I finally read THE HUNGER GAMES last week in anticipation of seeing the movie this past Friday. What surprised me most about the cinematic interpretation was its point of view. I won’t share any spoilers, but if you want to be totally surprised by the book or movie, go check out this point-of-view post instead.
Suzanne Collins’ young adult novel is written in first person present tense. Katniss Everdeen is not only the protagonist, but she’s the eyes through which the readers see the world of Panem. We travel through the dystopian reality with her as our guide.
The movie, however, takes a much broader approach. It’s omniscient. We follow Katniss through the arena, but we also watch the Gamemakers’ decisions, Haymitch’s attempts to win sponsors and President Snow’s machinations.
Being privy to what’s happening in the arena, on TV and behind the scenes gives movie-goers a strong sense of the horrible pageantry that the Games deliver. It was especially cool to watch the Gamemakers manipulate the various dangerous elements on screen. One of my favorite moments was flashing to District 11’s riot after the Rue scene. Those scenes would have been impossible if the movie had stuck with Katniss’ point of view exclusively.

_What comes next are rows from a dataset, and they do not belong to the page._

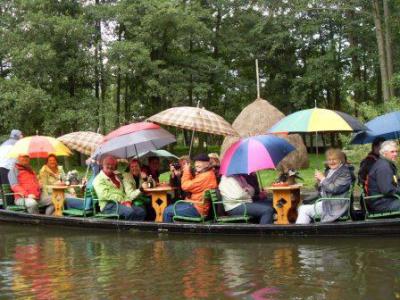 Rädel im Spreewald auf Kahnfahrt (Bild vergrößern)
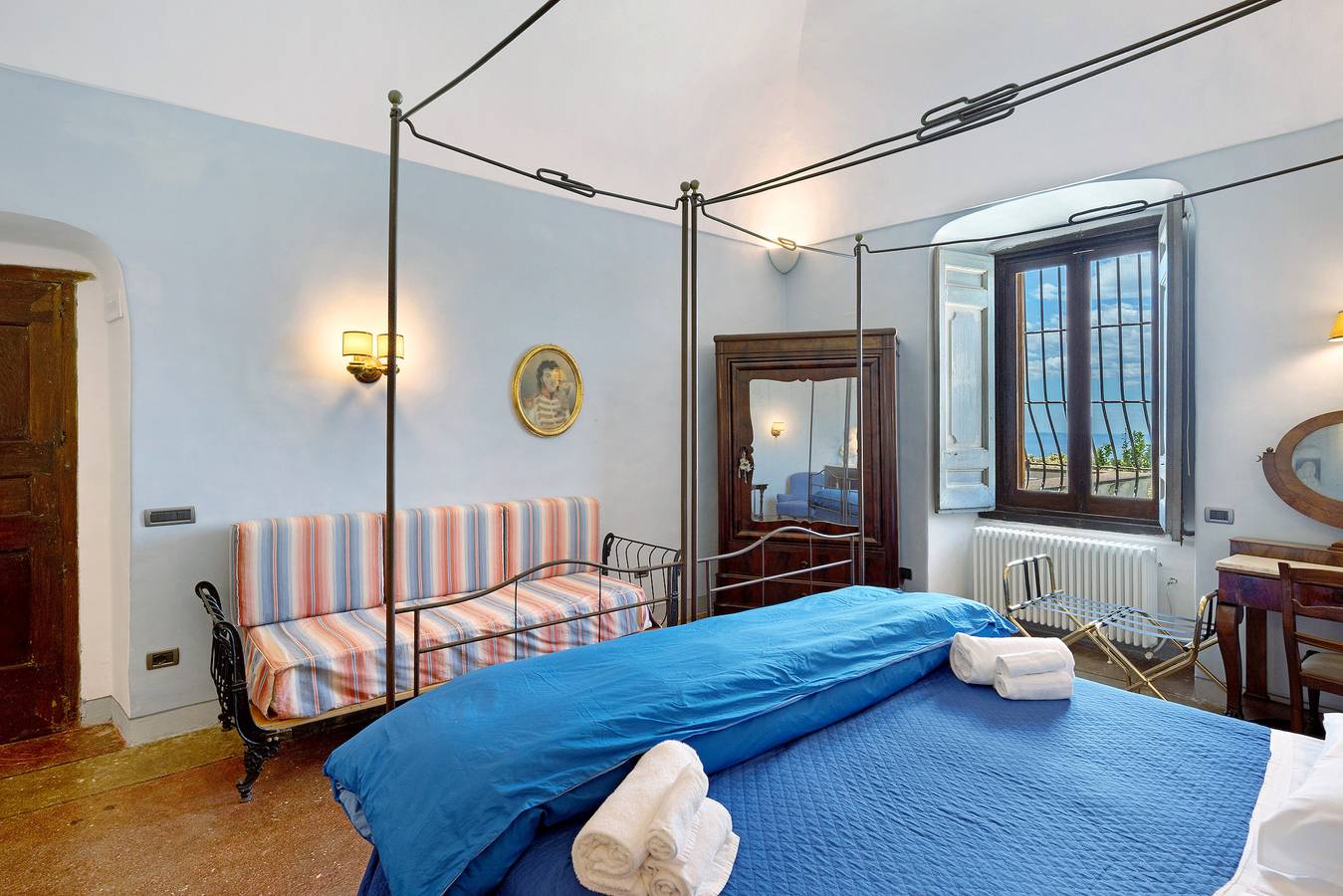 Villa 'Murat' with Sea View, Shared Terrace and Wi-Fi in Meta, Naples Province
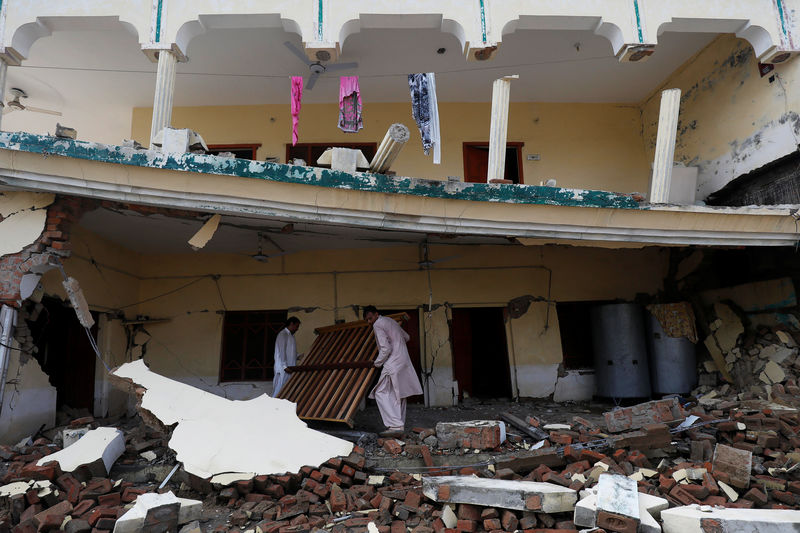 Asciende a 37 el número de muertos por el terremoto en Pakistán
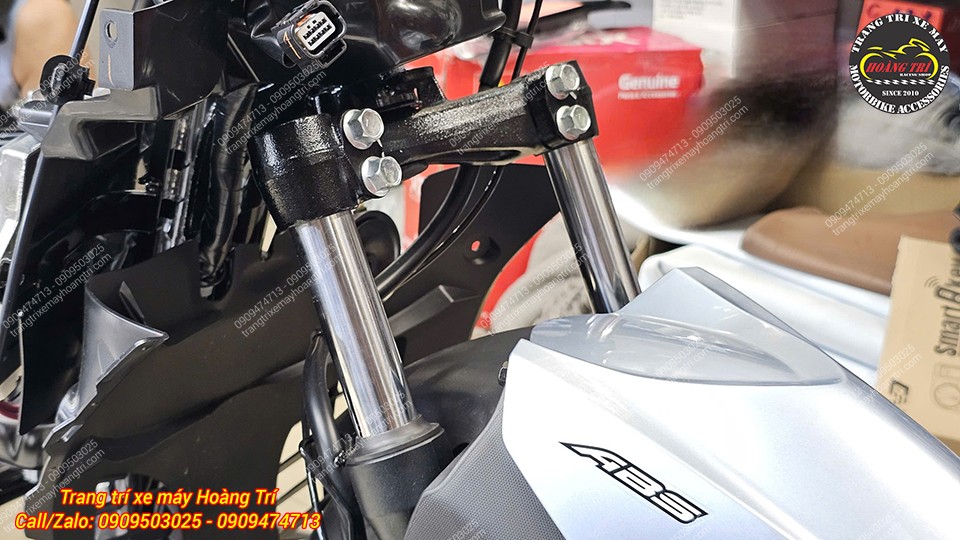 Ti chảng ba và phuộc trước NVX V3 - ốc bắt chắc chắn, cho cảm giác cứng cáp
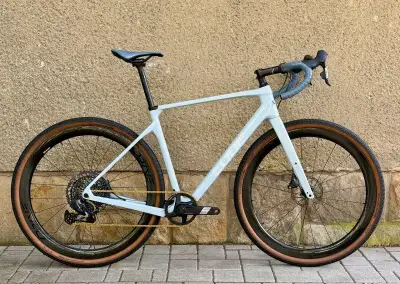 Cube Nuroad C:62 EX vel. 56 + wattmetr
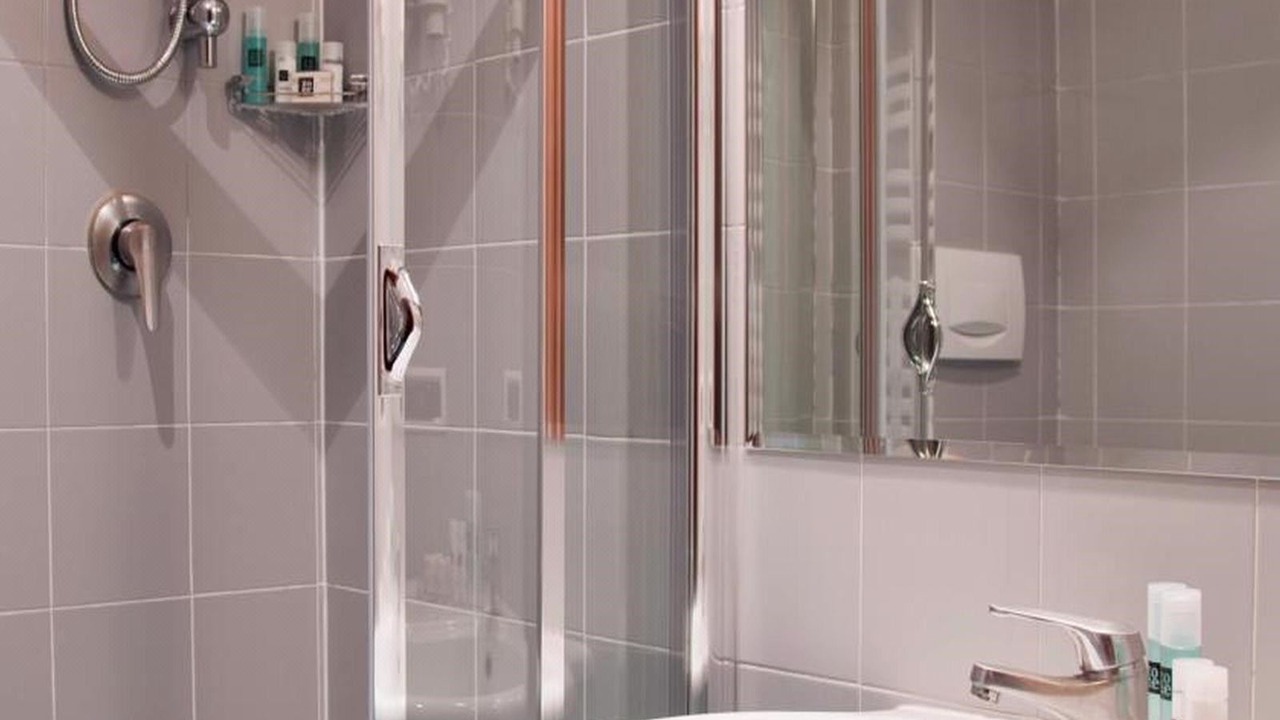 Photo of Bathroom in Trionfale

But what’s missing from THE HUNGER GAMES movie–and admittedly my reaction is colored by my identity as a reader, not a movie aficionado–is why the Games exist. My friend Priya saw the movie without reading the book. “I didn’t understand why the kids had to kill each other,” she said.
And that’s the risk that the movie takes delivering the history of Panem and the Dark Days through the impersonal omniscient viewpoint, instead of through Katniss’ perspective. In the movie, the information is set up with a short piece of text at the beginning, and elaborated on in a propaganda film shown before the reaping, but it’s presented as the facts of this world, without much emotional context. Put another way, we hear the Capitol perspective, which is obviously unconvincing, and hence, my friend wasn’t convinced.
In Collins’ novel, we immediately distrust the government due to being in Katniss’ point of view. We see her supporting her family and caretaking her sister. We see what the government has done to its people. A ruling class that creates a society where residents are starving, and where spirited young people like Katniss and Gale must break the law to feed their families, causes readers to be anti-government from the beginning.
The fact that the Hunger Games pit children against each other is a terrible outrage, but it’s also an extreme byproduct of the Capitol’s tight-fisted approach to ruling Panem. The Games are representative of how the government has terrorized its districts. It’s not the only outrage.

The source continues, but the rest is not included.